NBCC member Chelsey Philpot sends us “A J-School Grad’s Lament” upon the 35th anniversary of the NBCC. She is editorial assistant at the HORN BOOK GUIDE. a PUBLISHERS WEEKLY reviewer and a self-confessed bibliophile.
I recently graduated from journalism school and I feel like I have just arrived at a party only to open the door and find everybody has already left. I went to graduate school because I love books and print. I like black ink on my finger tips and the challenge of making the Sunday paper somehow fit back together. But now that I have my diploma under a pile of galleys on my desk I’m being told by friends, family, and the media that the death of the book is both imminent and inevitable. Apparently, my dead-tree degree means as little as the paper catalogs I recycle without even opening.

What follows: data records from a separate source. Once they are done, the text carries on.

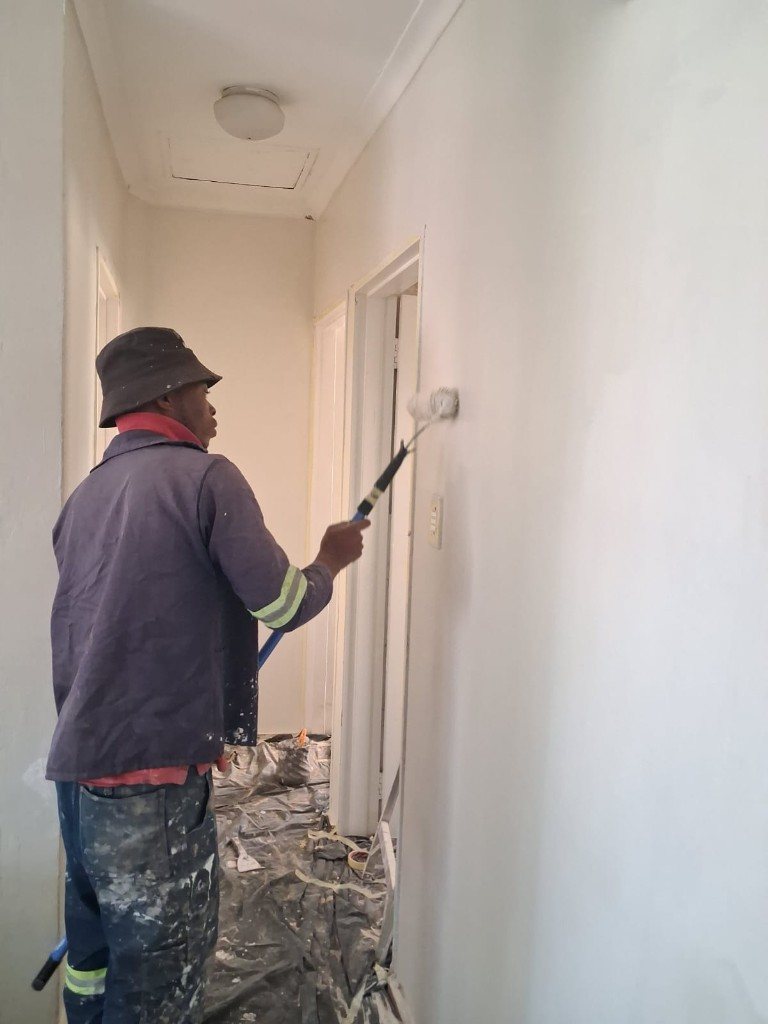 Hallway being painted after skim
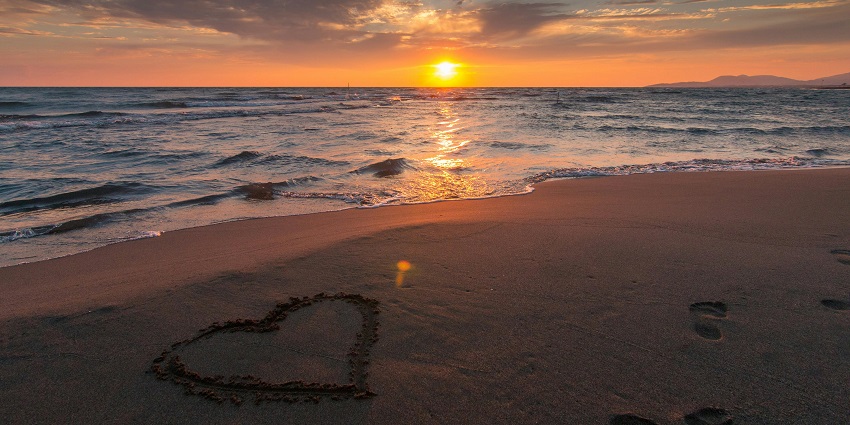 An image of a sunset over Balangan Beach, casting a golden glow on the shoreline.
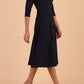 Brunette model is wearing diva catwalk casares swing dress with a keyhole neckline three quarter sleeve dress with pocket detail in Navy side front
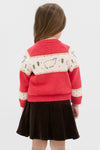 Young girl in a classic Red Lamb Sweater with sheep motifs and button front, paired with a flared skirt, embodying effortless, high-end, fun style.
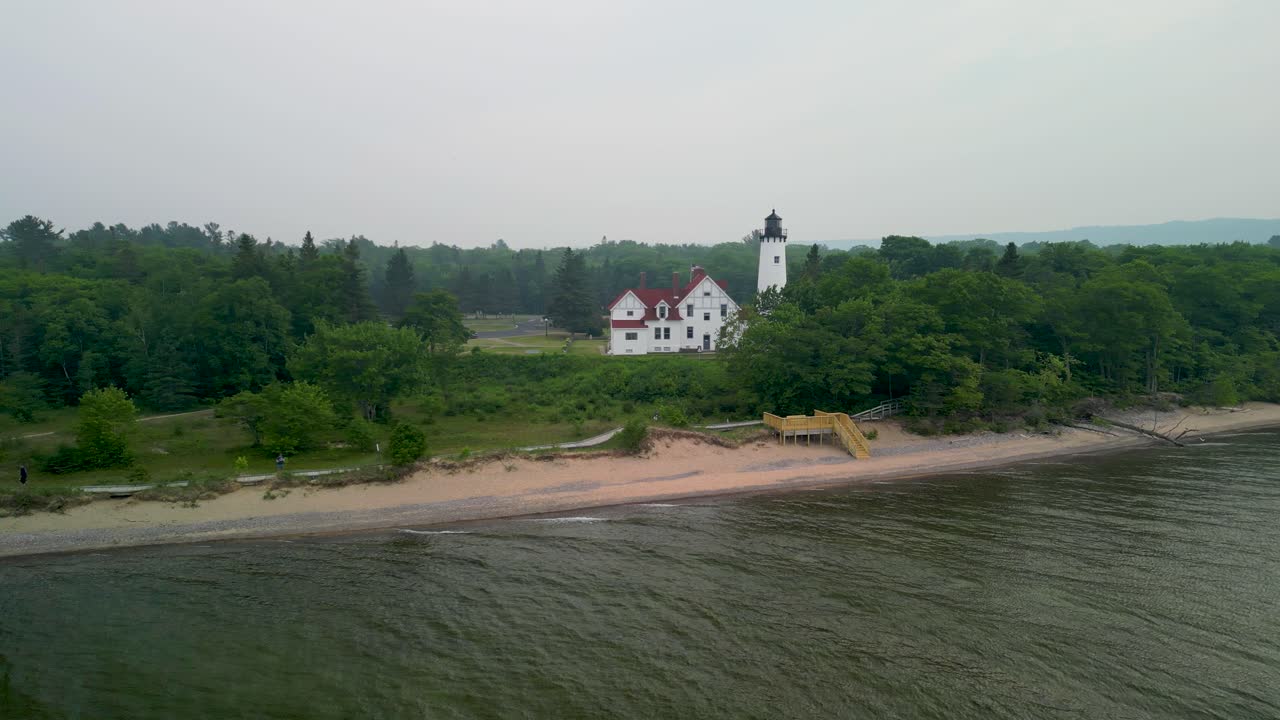 vista aérea del faro de point iriquois y la playa con humo de incendios forestales, lago superior, michigan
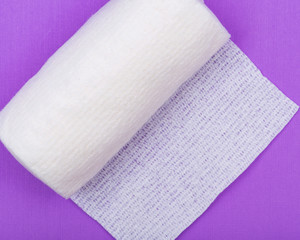 Hospital Grade Sterile Rolled Gauze on purple background.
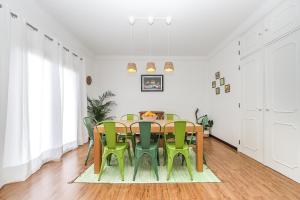 uma sala de jantar com uma mesa e cadeiras verdes em Spacious Beach and Golf Villa em Charneca
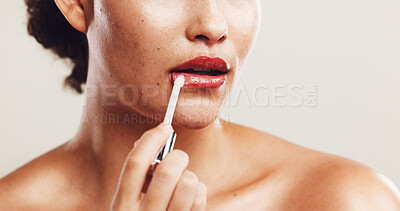 Buy stock photo Lip gloss, shine and makeup with closeup of woman in studio for beauty product, self care and cosmetics. Lips, aesthetic and salon with person on white background for glow, treatment and glamour.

The party was hopping before I got there, but it seems all the cool kids went to find an even better time.
My mentors and professors seem just as baffled as I am: What do we do with this brave new world where Prospero’s entire library could fit on an electronic tablet? Having slogged through multimedia journalism classes in graduate school perhaps I should be leading the new format parade, but instead I am embracing technology as begrudgingly as any curmudgeonly veteran critic.
I know I need to reconcile my love for books (coffee-stained, water-logged, musty, smelly old books) and the possibilities of Facebook, Twitter, blogging, and electronic readers. However, if I am dragging my feet a little as we lovers of books try to work-out how criticism will survive and thrive, it’s only because sometimes I feel like I was born fifty years too late.